Bild: Im Blickpunkt der Football-Leaks-Recherchen: Portugals Nationalspieler Cr…
„Ehrlich, ich scheiß mir ganz schön in die Hose.“ Der erste Satz dieser
Kolumne ist geklaut. Er stammt aus einem schlechten Krimi. Geschrieben
haben ihn Rafael Buschmann und Michael Wulzinger. [1][„Football Leaks II“]
heißt das Werk der zwei Sportredakteure des Nachrichtenmagazins Der
Spiegel. Die beiden bedienen ein neues Genre im Literaturbetrieb, die
Groschenrecherche. Darin berichten die Reporter, wie sie mit ihren
Informanten zusammentreffen, was sie dabei rauchen und trinken, wie
schlecht die Straßen gepflastert sind, über die sie mit ihren klapprigen
Leihwagen fahren, und vor allem wie toll sie sich selbst fühlen.
Diese Jerry-Cotton-Journalisten sind ja wirklich Aufklärer. Als solchen
gebührt ihnen jeder Respekt, solange stimmt, was sie berichten, und solange
das, was sie berichten, von Relevanz für die Gesellschaft ist. Die
Geschichte, wie Der Spiegel an die Informationen gekommen ist, die belegen
sollen, wie Cristiano Ronaldo in Las Vegas ein Frau vergewaltigt hat, war
schon im Magazin zu lesen.
Jetzt bekommt man die Geschichte geliefert, wie die Reporter an die
Informationen gekommen sind, wie ihr Kontaktmann tickt, von dem man weiß,
dass er Rui Pinto heißt, der aber dennoch John genannt wird, weil er so
genannt wurde, als die Reporter noch nicht wussten, wie er heißt, und
wahrscheinlich auch deshalb, weil der Name John ganz gut passt zu dieser
Groschenromansprache.
Da stehen so Sätze wie: „Immerhin springt die Karre an“, oder: „Teilweise
sind die Schlaglöcher hier so tief wie ein Baggersee.“ Auch die Dialoge
haben Pulp-Fiction-Potenzial.
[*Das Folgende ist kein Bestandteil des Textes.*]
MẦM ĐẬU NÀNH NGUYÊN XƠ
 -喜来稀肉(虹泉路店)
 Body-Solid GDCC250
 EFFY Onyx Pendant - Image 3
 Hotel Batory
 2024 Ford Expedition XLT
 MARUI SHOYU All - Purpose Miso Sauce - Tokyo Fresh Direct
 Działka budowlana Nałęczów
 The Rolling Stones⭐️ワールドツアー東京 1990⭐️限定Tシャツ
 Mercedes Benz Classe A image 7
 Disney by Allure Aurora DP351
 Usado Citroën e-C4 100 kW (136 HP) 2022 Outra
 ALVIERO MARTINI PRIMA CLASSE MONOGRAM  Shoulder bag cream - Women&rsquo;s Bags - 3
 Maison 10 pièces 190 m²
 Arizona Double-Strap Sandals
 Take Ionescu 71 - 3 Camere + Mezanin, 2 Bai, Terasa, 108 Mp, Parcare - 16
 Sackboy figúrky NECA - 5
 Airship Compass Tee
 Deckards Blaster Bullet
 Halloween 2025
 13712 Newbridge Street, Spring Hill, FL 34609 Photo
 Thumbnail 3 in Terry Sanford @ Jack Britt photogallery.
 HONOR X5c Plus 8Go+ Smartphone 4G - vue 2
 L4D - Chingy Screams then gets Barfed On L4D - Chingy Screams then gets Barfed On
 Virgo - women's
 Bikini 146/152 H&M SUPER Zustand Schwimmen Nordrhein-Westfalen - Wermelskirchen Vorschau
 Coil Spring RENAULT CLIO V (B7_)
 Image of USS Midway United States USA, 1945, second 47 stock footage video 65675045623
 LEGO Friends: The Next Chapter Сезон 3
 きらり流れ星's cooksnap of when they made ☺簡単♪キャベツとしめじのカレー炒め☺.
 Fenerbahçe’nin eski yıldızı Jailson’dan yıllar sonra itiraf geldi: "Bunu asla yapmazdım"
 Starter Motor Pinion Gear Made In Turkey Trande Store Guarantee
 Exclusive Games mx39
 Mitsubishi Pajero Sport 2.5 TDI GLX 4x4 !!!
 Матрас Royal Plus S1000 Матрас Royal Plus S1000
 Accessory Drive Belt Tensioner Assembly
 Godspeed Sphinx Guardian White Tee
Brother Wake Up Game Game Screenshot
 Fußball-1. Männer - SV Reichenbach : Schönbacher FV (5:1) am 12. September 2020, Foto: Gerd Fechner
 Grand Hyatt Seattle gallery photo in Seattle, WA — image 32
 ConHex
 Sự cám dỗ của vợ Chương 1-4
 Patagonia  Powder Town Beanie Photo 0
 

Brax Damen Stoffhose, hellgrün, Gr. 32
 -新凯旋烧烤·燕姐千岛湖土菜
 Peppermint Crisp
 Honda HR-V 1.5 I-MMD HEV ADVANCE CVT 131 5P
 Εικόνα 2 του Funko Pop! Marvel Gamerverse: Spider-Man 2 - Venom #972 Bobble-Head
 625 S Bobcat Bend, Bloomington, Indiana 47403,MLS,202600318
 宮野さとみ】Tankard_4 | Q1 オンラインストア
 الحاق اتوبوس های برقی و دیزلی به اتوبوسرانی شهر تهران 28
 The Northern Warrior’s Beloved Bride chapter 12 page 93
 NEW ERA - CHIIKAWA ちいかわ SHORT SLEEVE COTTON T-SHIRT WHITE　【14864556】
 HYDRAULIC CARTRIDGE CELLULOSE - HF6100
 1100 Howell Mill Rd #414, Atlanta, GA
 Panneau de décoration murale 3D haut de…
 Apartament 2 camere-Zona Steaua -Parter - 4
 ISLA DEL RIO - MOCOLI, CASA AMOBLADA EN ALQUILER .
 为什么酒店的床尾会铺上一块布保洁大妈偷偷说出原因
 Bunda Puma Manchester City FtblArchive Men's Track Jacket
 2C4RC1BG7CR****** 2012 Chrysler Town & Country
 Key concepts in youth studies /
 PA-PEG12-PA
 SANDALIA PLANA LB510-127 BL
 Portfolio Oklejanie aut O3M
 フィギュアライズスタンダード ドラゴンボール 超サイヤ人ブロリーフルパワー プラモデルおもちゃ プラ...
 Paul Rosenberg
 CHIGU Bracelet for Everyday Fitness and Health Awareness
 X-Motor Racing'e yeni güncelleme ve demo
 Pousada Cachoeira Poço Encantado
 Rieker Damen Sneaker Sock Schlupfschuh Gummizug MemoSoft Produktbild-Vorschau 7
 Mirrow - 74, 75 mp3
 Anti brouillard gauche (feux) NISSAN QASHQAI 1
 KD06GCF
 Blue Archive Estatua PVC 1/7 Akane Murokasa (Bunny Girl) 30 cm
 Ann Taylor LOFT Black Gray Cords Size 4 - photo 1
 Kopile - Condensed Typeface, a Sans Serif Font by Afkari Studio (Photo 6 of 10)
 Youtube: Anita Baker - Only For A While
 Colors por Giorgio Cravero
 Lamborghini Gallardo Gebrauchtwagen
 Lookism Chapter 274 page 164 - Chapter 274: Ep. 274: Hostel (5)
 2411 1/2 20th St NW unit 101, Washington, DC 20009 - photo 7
Da fragt John: „Magst du ein Schnitzel?“, und
der Reporter antwortet: „Ich habe so einen Mörderhunger, ich könnte ein
ganzes Schwein verdrücken.“ Oh weh! Eigentlich handelt es sich bei
„Football Leaks II“ um ein Sachbuch, aber ob dieser Dialog so stattgefunden
hat, man weiß es nicht.
## Sprachliche Anbiederung
Im Vorwort schreiben die Autoren, dass die Gespräche mit John weder
aufgezeichnet noch protokolliert worden sind. „Wir haben sie nach bestem
Wissen und Gewissen rekonstruiert“, heißt es da. Beim Rekonstruieren
herausgekommen ist ein Buch geschrieben wie ein schlechter Krimi.
Dabei liefern die „Football Leaks II“ [2][jede Menge Stoff für einen guten
Roman]. Weil sich die Autoren aber als Anwälte der Fans verstehen, die sie
beim Ausverkauf des Fußballs durch skrupellose Geschäftemacher als wehrlose
Opfer sehen, haben sie zu einer arg billigen Sprache gegriffen. Diese
sprachliche Anbiederung an die vermeintlich einfachen Leute in der Kurve
tut bisweilen richtig weh. Wenn ein Geheimdienstmann allen Ernstes als
„Schlapphut“ bezeichnet wird, möchte man das Buch am liebsten zur Seite
legen und zu guter Lektüre greifen.
Solche soll es ja auch geben. Es gibt sogar herausragende Fußballromane.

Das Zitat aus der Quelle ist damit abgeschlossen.